What is required:
Your answer must be the exact lines from the one with "4165 Upper Middle Road, Unit 13 thumbnail 4" to the end of the data, both included, with no pictures.
╭──
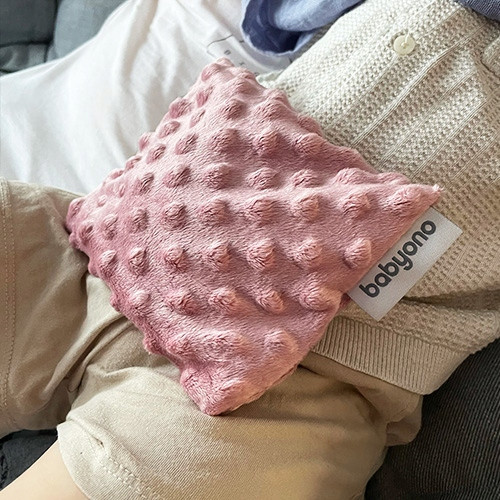 BABYONO TERMOFOR Z PESTEK WIŚNI NA KOLKĘ BÓL 796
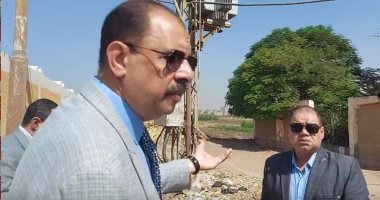 الزبالة فى كل مكان.. محافظ سوهاج يحيل مسئول نظافة قرية آبار الوقف للتحقيق
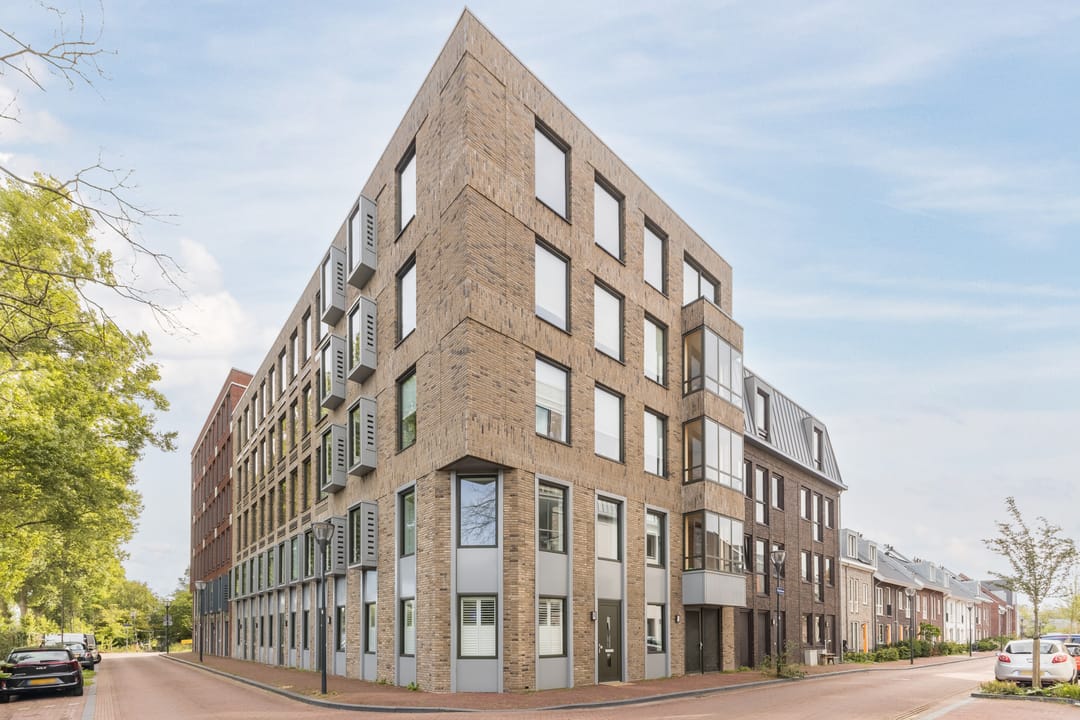 Photo 38 of Monteverdistraat 308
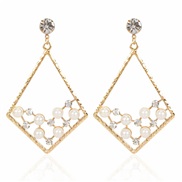 ( Gold)occidental style wind fashion imitate Pearl earrings woman  personality brief diamond geometry ear stud arring wo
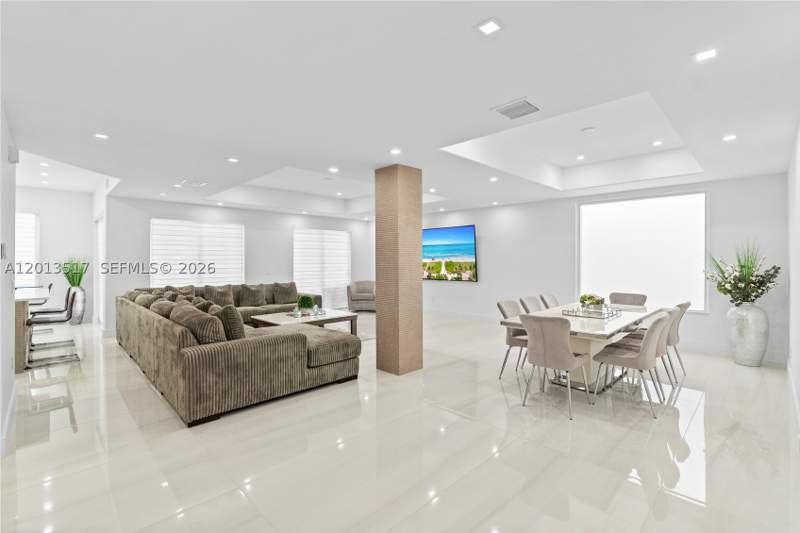 5 bedroom SingleFamilyResidence at 3188 NE 211th Ter, Aventura Lakes - Phase II, Aventura — photo 4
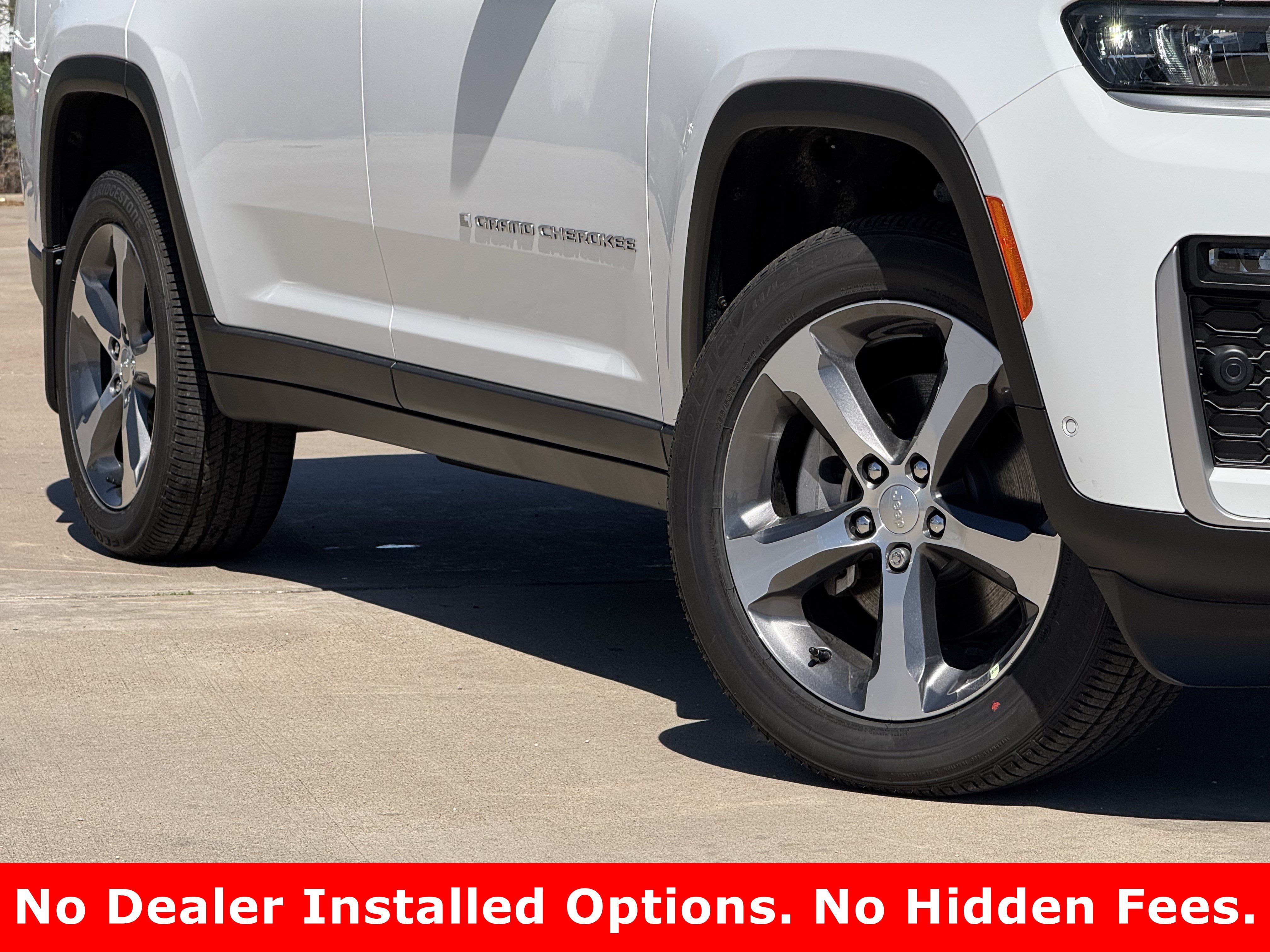 New 2026 Bright White Clear-Coat Exterior Paint Jeep Limited image 11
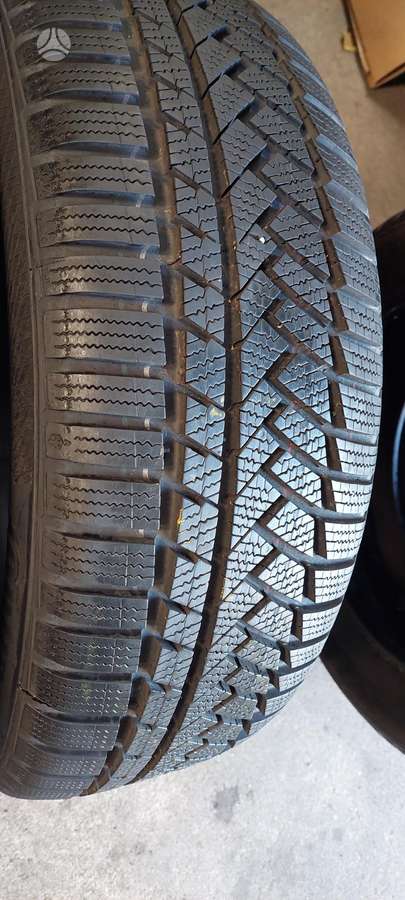 Continental, зимние 215/55 R17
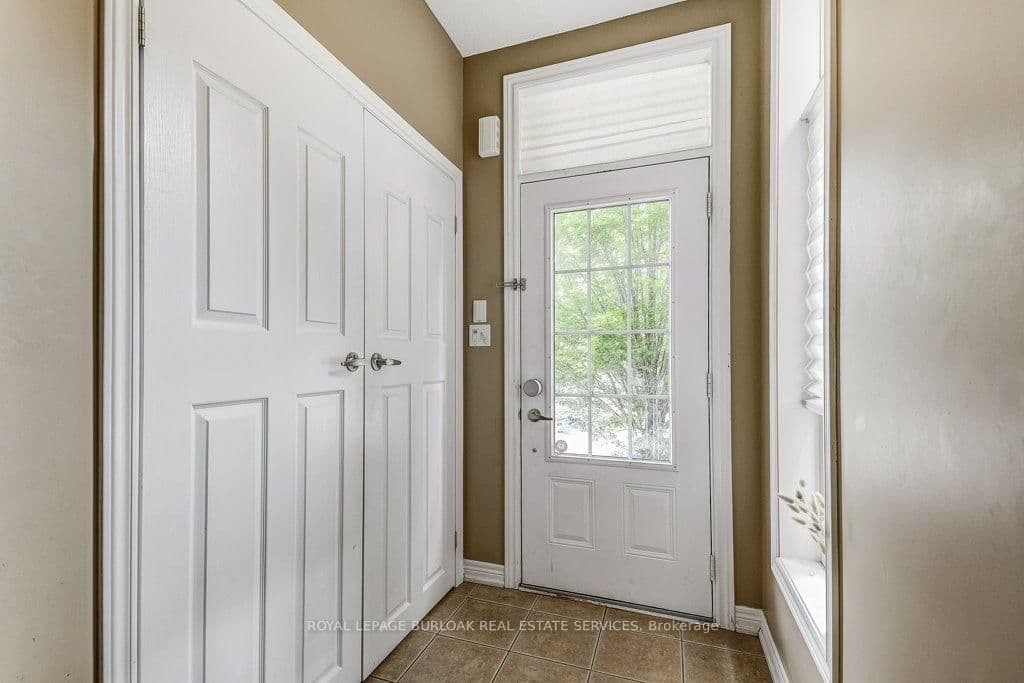 4165 Upper Middle Road, Unit 13 thumbnail 4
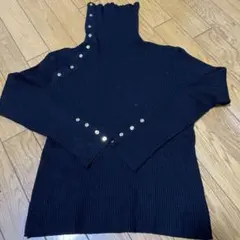 美品　ボタン付きハイネックニット 黒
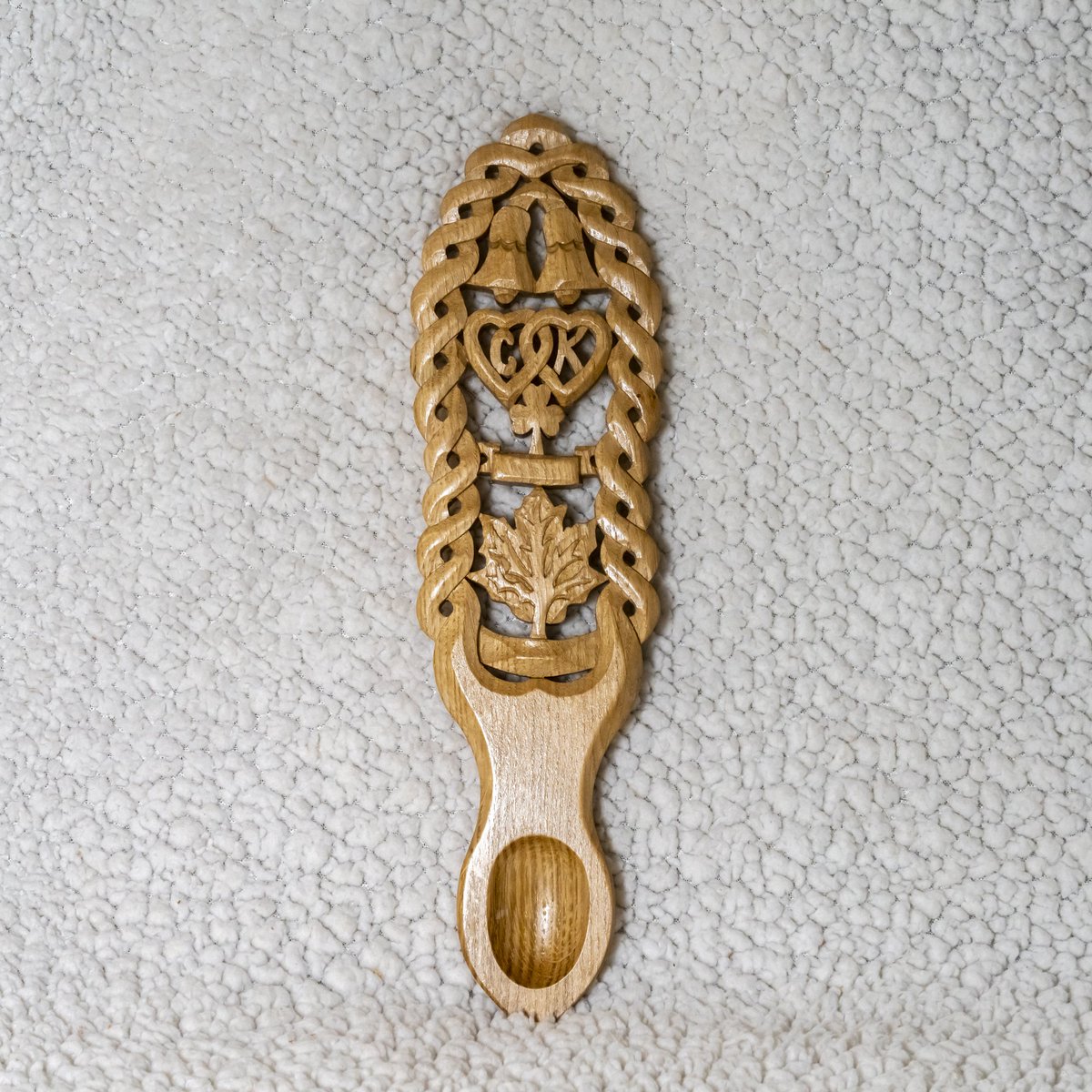 A Celtic inspired lovespoon handcarved from a reclaimed piece of Oak. 

#reclaimedwood #recycledwood #lovespoon #welshlovespoon #handcarved #woodcarving #madeinwales #spooncarving #madeinpembrokeshire #wales #pembrokeshire #tenby #narberth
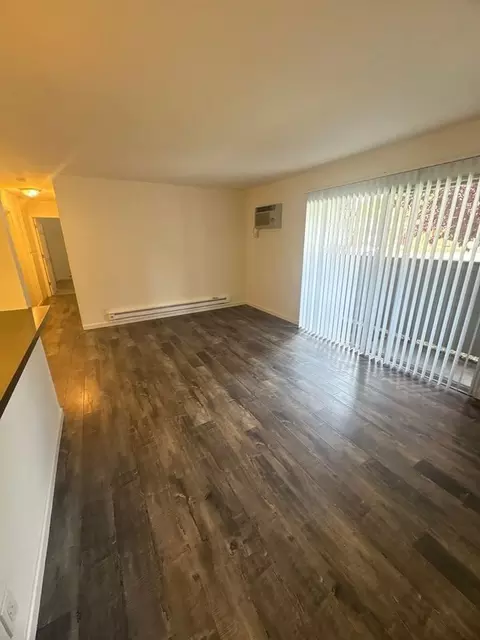 1750 Stokes St, San Jose, CA 95126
╰──
Written solution:
 4165 Upper Middle Road, Unit 13 thumbnail 4
 美品　ボタン付きハイネックニット 黒
 A Celtic inspired lovespoon handcarved from a reclaimed piece of Oak. 

#reclaimedwood #recycledwood #lovespoon #welshlovespoon #handcarved #woodcarving #madeinwales #spooncarving #madeinpembrokeshire #wales #pembrokeshire #tenby #narberth
 1750 Stokes St, San Jose, CA 95126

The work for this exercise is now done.